Meet Groupon’s Indian rival Snapdeal

Until January last year, Wharton graduate Kunal Bahl and his IIT batchmate Rohit Bansal could be spotted across restaurants and retail outlets in Delhi suburbs trying to sell discount coupons to both owners and their potential customers. 

At 25, Bahl had quit his cushy Microsoft job based in Seattle and even convinced his IIT Delhi alumni Bansal to take a leap of faith in 2007. “We used to wait for hours in the heat outside small restaurants, where we wouldn’t have eaten even if we had to pay,” says Bahl.

When a restaurant owner told the duo earlier last year that he had got five customers from their website Jasper Infotech, it became an inflection point for Bahl. He launched Snapdeal.com — now popularly called India’s answer to Groupon, the world’s biggest provider of daily online deals.

Since January this year, Snapdeal has been growing its revenues at over 100%, selling unused inventories of everything from sunglasses, wallets and even travel packages, totalling over 10,000 discounted deals everyday. “We sold about 2,200 Reebok Sunglasses, in a day, at an 80% discount deal.

About 400 packages to Kerala were sold in February.

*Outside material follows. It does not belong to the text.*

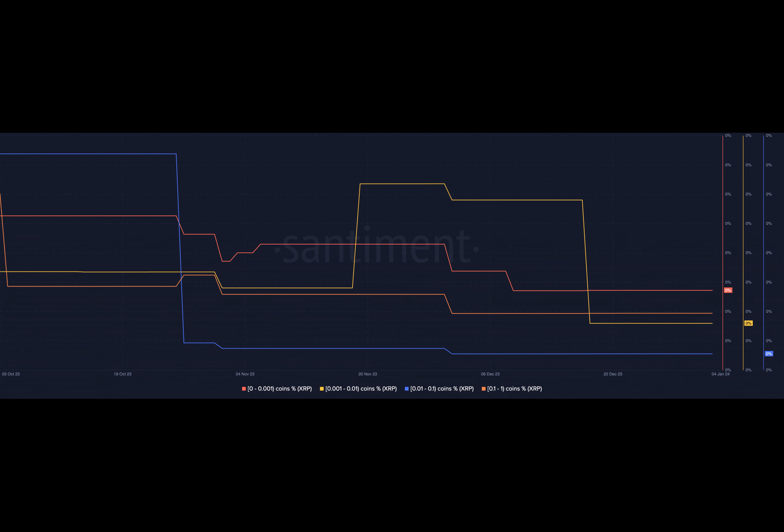Interestingly, despite the turbulence caused by whales, retail interest in BTC has seen growth. However, if whales continue with their bearish behavior, the price may plummet even further, which could impact these retail investors negatively.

Our model is to go after unsold distress inventory,” says Bahl who along with Bansal had to shell out $3000 for buying the Snapdeal.in domain name — an investment that’s paying off well.

Along with Taggle, MyDala and Koovs.com, Indian e-commerce is now seeing a rise of young companies attempting to woo customers online with lucrative deals. The model is quite similar to how Groupon makes revenues (or losses at the last count). Snapdeal.com charges about 35% upfront for any deal.

The rest has to be paid directly to the merchant on delivery of service or good. The employees job is to get discount deals from mer-chants. They also handle customer calls and delivery of products. With 400 staff on the payroll, Bansal and Bahl want to get a share of India’s $500 billion retail market, of which nearly 18% is services business offered by sites like Snapdeal.

Globally, Groupon created waves earlier this year when it was valued at around $1.35 billion. Snapdeal too attracted attention of the legendarySilicon Valley investor Vinod Dham in February last year. Both Dham and Bazee.com co-founder Suvir Sujan invested nearly $12 million.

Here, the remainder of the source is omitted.